Turns of Hap

I’ve enjoyed meeting many distant colleagues this month during the Slice of Life Challenge, and I have drawn inspiration from many insightful writers.

Yesterday morning, I read a post by Rita DiCarne about timing and how particular moments bring about interactions or experiences based simply on chance convergences.  This reinforced my wonder at the randomness of the world around us.  Rita’s reflection inspired me and launched my imagination.

We do not use the noun hap much these days.  It is an old word meaning “luck” or “chance.”  If we look closely, we can see this word as the root of more familiar words such as happen, happy, perhaps, or hapless.  Of course, knowing what hap is, we begin to look at these words in a different manner.

Many of us enjoy the exercise of thinking about or discussing the long odds against any particular one of us having been born.  Our parents had to meet first, become attracted to each other, and remain together at least long enough to conceive us.  In that conception, millions of reproductive cells–each carrying scrambled genetic information–competed to match up with a different, single reproductive cell with its own scrambled half of a genome.  For me to be myself in the precise form I take now started with a specific genetic outcome whose odds of occurring are infinitesimally smaller than those of my winning the next MegMillions jackpot and being struck by lightning on my way to redeem the ticket.  This consideration comes after the similar odds of my parents having come into being and meeting each other, as well as my grandparents having done so, and so on back.

And as neuroscientists are proclaiming with more and more research to corroborate them, our experiences make us who we are.  Countless chance encounters every day shape us and guide our path.  Even with the most mindful, deliberate approach to our lives, chance acts on us in every moment of our existence.

Randomness is the quantum force in our existence, and we can only begin to know our intimate connection to it.  It drives artists and philosophers to the fragile edges of their senses, and it delights the shaman.
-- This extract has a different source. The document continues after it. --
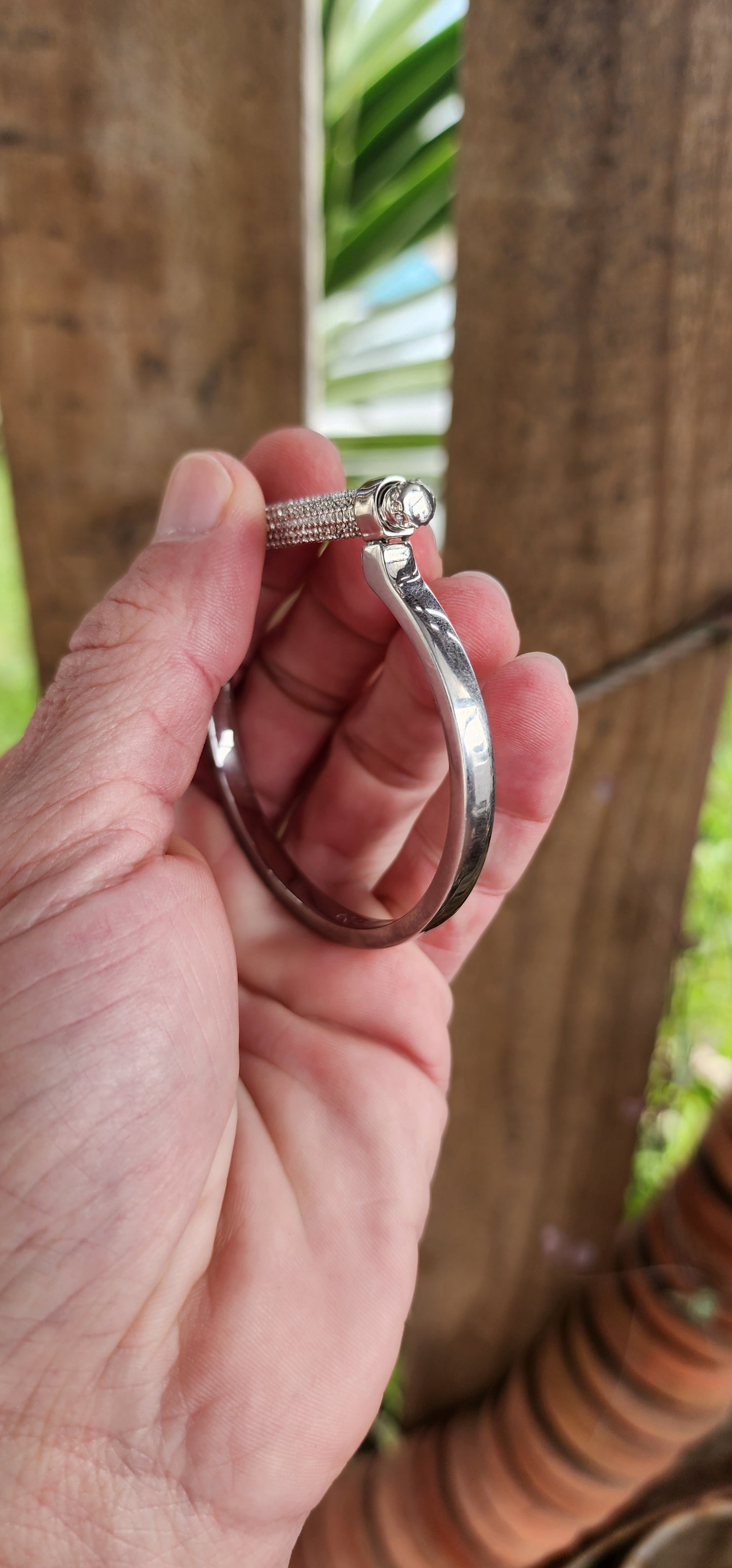 Swarovski Silvertone "Friend" narrow Manetta bangle/bracelet.
Rhodium-plated bracelet with pavé white Swarovski crystals.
Understood this way, these realities profoundly humble us.  We are the products of fortune, and in the deepest sense, we embody hap.


Turns of Hap

A brief delay in walking out the door,
A dash back in to get forgotten keys,
A pause to pick up papers from the floor,
All then refract the beams the traveler sees:
An altered flow of faces in the street;
A separate set of senses then that sends
Each mind upon a vectored ray to meet
Unknown new starts and unpredicted ends.
As vast potentials gather into cloud,
And down the endless moment on us rains,
So hap with will and whim our lives will crowd,
Indifferent to our conscious plans and pains.
     As chance will choose its flight and where it lands,
     We act as fortune moves our hopeful hands.

 

 

12 thoughts on “Turns of Hap

  1. I love how you took a word and crafted such an interesting post around it. Maybe you will bring the word back using it and writing about it!

  2. Interesting thoughts for a Friday morning! This has been on my mind as I think about what we pass on to our children (genetics) and what was given to us or what changed in the passing that we will never know or understand.

    Like the poem at the end – Thanks for sharing!

  3. It’s true, when you think about it, it’s a wonder that any of us is here. Your reflection reminded me of Shakespeare’s sonnet 18 ‘Shall I compare thee to a summer’s day…
    These lines: And every fair from fair sometime declines/By chance or nature’s changing course untrimmed”

  4. My son and I used to discuss the concept of random. I believe he used to say there is no random. I’m not sure why. But it reminds me of the sack of rice experiment. It is supposed to demonstrate what random actually looks like because when the rice spills out it will land in varying groups with no rhyme or reason. Kind of like what random should be.

  5. Love love this! You could be on NPR’s a way with words… your post reminds me of that podcast. I love your last line in your poem “We act as fortune moves our hopeful hands.”

  6. An excellent statement on the randomness of life- my takeaway was that we are brought to different encounters by different forces- we look back at those encounters as providence- after all, we need our “story” to make sense. It’s all very micro and macro at the same time. The small differences that make up our lives… you have consistently given me a lot to think about- keep writing!

  7. I love your sonnet! I am so impressed with that crafting. I love that final couplet, and also the one before: “So hap with will and whim our lives will crowd,/Indifferent to our conscious plans and pains.”

    1. Thanks for noticing that portion of the poem. Thomas Hardy wrote a dour poem on this topic (also a sonnet), and I wonder whether the lines you quote represent his influence on me all these years after I first read it.

  8. Along these same lines, there is a book about God winking where the ‘wink’ is some coincidence of chance happening that impacts our lives. The possibilities are endless when we really look back on our lives of how a single decision – made by me or made for me- has impacted the rest of my life. Great thoughts!

  9. Thank you for the “shout out.” As always your writing has given me much to think about. I believe that our experiences are shaped by our choices, some luck, and a higher power, but I welcome “unknown new starts and unpredicted ends.” I enjoy the juxtaposition in your writing between passages that make me chuckle and passages that make me challenge my thinking.